Stasera meditiamo la Parola di Dio servendoci del celebre canto del Dies Irae. Le parole latine e la melodia gregoriana del Dies Irae sono risuonate per secoli dentro le nostre chiese. Questa popolarità viene confermata dalle molteplici traduzioni in italiano, ma soprattutto dalla trascrizione musicale.

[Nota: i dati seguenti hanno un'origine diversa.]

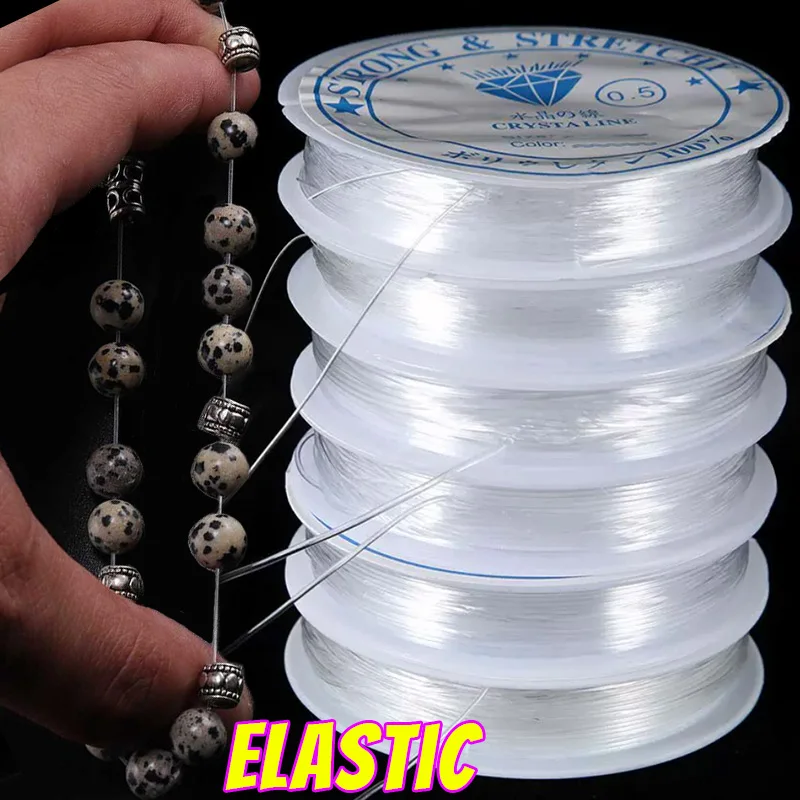 Elastic Transparent Crystal Beading Thread Cords for Jewelry Making Necklace Bracelet DIY Beads Strong String Stretch Line Rope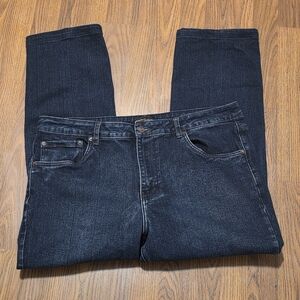 Men’s Johnnie’s Dark Wash Straight Leg Denim Jeans 38x30 Classic Fit D52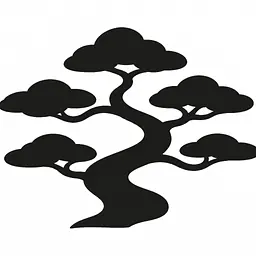 Bonsai Contour Wandtattoo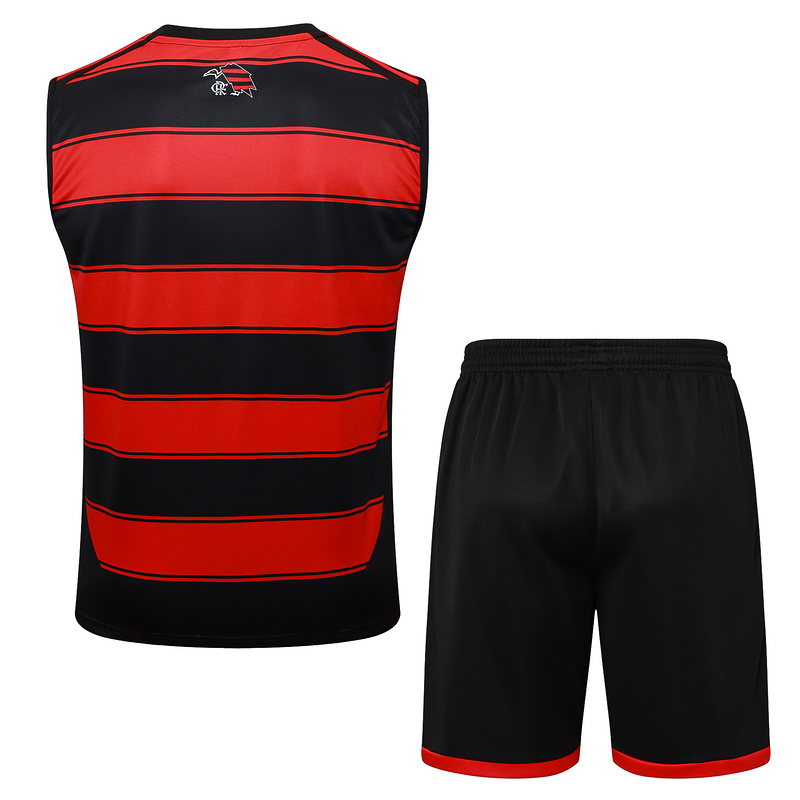 2025/26 Flamengo Red Training Set Shirt and Shorts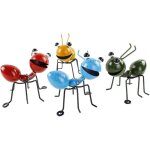 Fourmi en m�tal un groupe de 4 couleurs insecte mignon pour accrocher mur art jardin pelouse d�cor int�rieur ...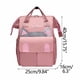 thumbnail image 2 of Mom's Best Mochila para pañales, bolsa grande impermeable para bebé con bolsillos aislantes, mochila de viaje de maternidad para mamá, 2 of 3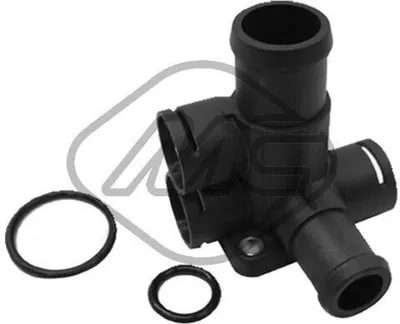 Produktbild von Metalcaucho 03535 Kühlmittelflansch für VW Transporter IV Bus (70B, 70C, 7DB, 7DK, 70J, 70K, 7DC, 7DJ) Wasserflansch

Celeberrimi i Dies Irae di Mozart, di Verdi e di Liszt. Liszt avrebbe dato tutta la sua musica per essere l’autore del Dies Irae. Le sequenze nella liturgia, oltre a questa, sono quattro: Victimae Paschali laudes nella Settimana di Pasqua, Veni Sancte Spiritus nella Messa del Giorno di Pentecoste, lo Stabat Mater nella memoria della B.V.M. Addolorata e il Lauda Sion Salvatorem (forma breve Ecce Panis Angelorum) nella Solennità del Corpus Domini. Questa composizione è stata attribuita a Tommaso da Celano (1260), il primo biografo di san Francesco, anche se la critica attuale lo considera piuttosto il redattore finale di canti che erano già circolanti nelle comunità. Quello che in questo momento mi importa è una lettura meditativa, da gustare interiormente.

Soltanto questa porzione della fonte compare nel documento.